Howard, you start.  There‘s so much horrible stuff going on in the world today.  We just talked about the soldier that may have been out of line when he killed that guy, that wounded prisoner over there in Iraq.  We won‘t have that settled for weeks, it looks like.  This horrible case of Margaret Hassan killed, the woman who lived and worked for the Iraqi people for 30 years.  And let me ask you, in that environment, where is President Bush headed with his new government for the second term? 

HOWARD FINEMAN, NEWSWEEK:  Well, I think George Bush is headed to a consolidation and focus of his theory, which is taking the offensive in the war on terrorism.  I don‘t see any relenting.  I see additional focus.  He‘s putting his closest advisers and long-time friends in sensitive spots.  People that I first met when I went down to Austin, when Bush was assembling his presidential campaign and his governorship. 

Gonzales at State, Porter Goss, a family friend, at CIA, and now Condi Rice at State.  It‘s a big intentional focus.  The only other side of the equation possibly is this, Chris: If President Bush decides to really get serious about diplomacy, he‘s got to have a person that he trusts implicitly.  And that person is Condi Rice.  So if you want to take the optimistic view about George Bush beginning to practice the arts of diplomacy in a serious way, then he needs somebody he trusts.  And that person is certainly Condi Rice. 
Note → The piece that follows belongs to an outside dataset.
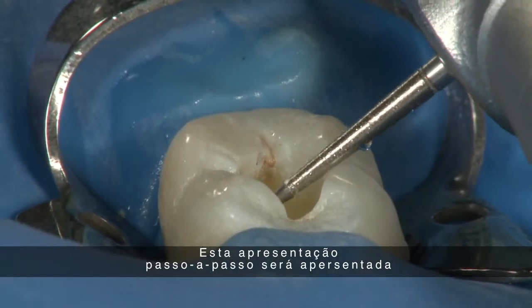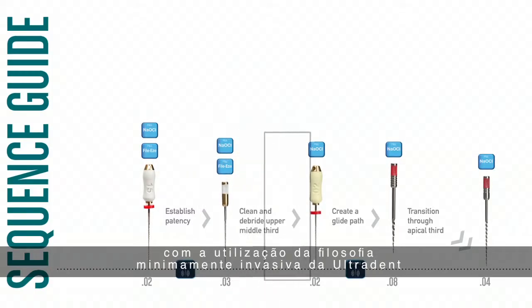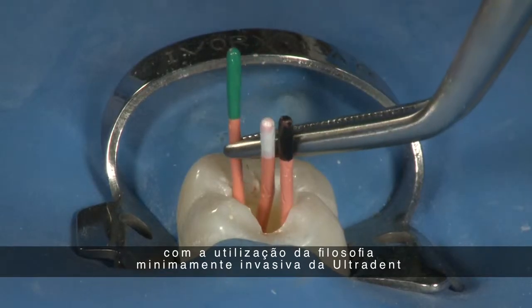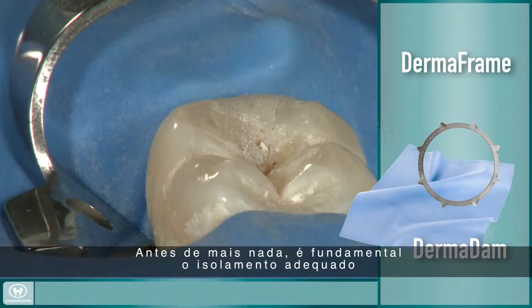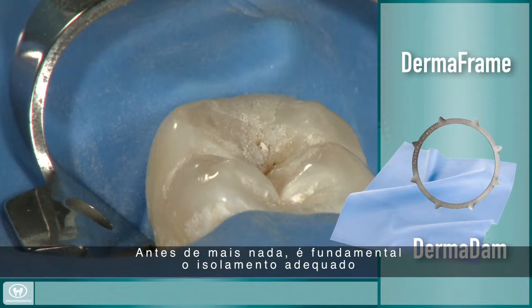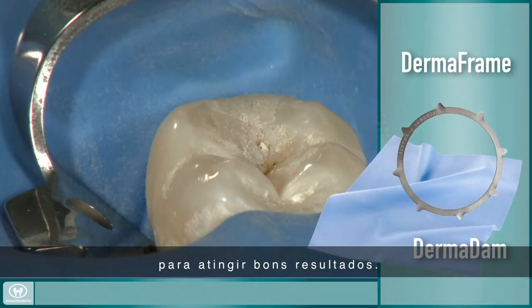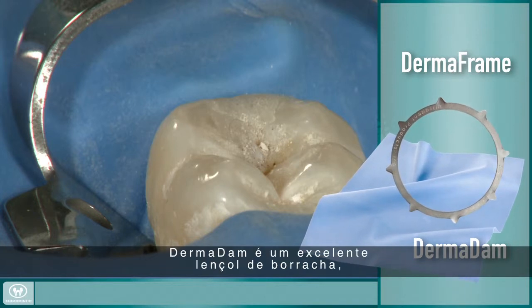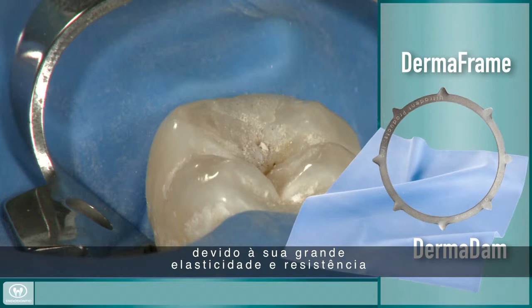This step-by-step presentation will provide you with a simulated common endodontic case utilizing Ultradent's minimally invasive philosophy and the Telos hybrid file system. First and foremost, proper isolation is essential in endodontic procedures to protect the patient and to achieve a good outcome. Dermadam provides an excellent barrier due to its high elasticity and strength.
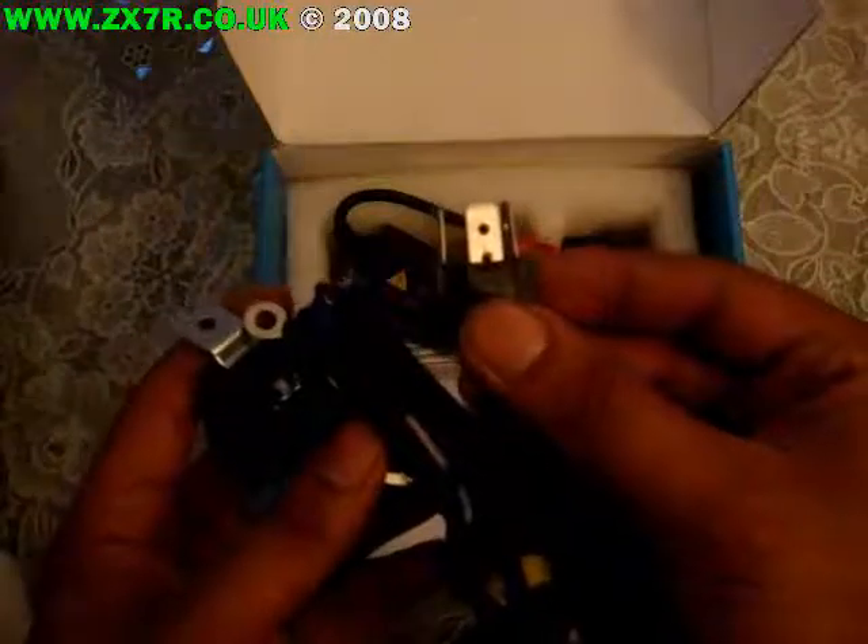First you've got your main harness — this will plug into your existing light loom. And then you've got a relay which will flick across, and this is a 40-amp relay, so that's fine — 12 volt DC.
MATTHEWS:  Any chance in the world, Howard, and I want to ask the same question of Dana at “The Washington Post,” that Condi Rice will become kind of a Becket figure, a person who is trusted implicitly but then becomes their own person, when given the responsibility of representing the State Department? 

FINEMAN:  Well, you put it in dramatic terms.  That would be one heck of a story if it happens, and there are probably a lot of people out there hoping that it happens.  She‘s been nothing but a tutor and a loyalist and an implementer so far, in four years.  When I first met her, she was alone in that small office as he was gearing up his campaign.  She‘s been at his side, mother henning him, as she puts it.  Will she take that kind of role?  I don‘t know.  But as I say, if he‘s going to practice serious diplomacy now, she‘s going to be the instrument of it. 

MATTHEWS:  Let me ask Dana, do you think she might become Becket, Thomas Becket and turn against Henry II here, the president, and become her own diplomat and say, Mr. President, there‘s a diplomatic solution to this situation?  Don‘t rush to judgment like you did with Iraq? 

DANA PRIEST, WASHINGTON POST:  Well, that would be a surprise outcome.  I think I agree with Howard, in the sense that she has a record, and it is to be a loyalist, not to rock the boat, and really not to be able to take on the great personalities of Donald Rumsfeld and now Porter Goss at the CIA.  So I don‘t see her tussling with them, trying to wrestle power from them, or even dominance within the foreign policy arena.  If nothing else, I think people at the State Department are worried that if Colin Powell couldn‘t do it, she certainly won‘t be able to. 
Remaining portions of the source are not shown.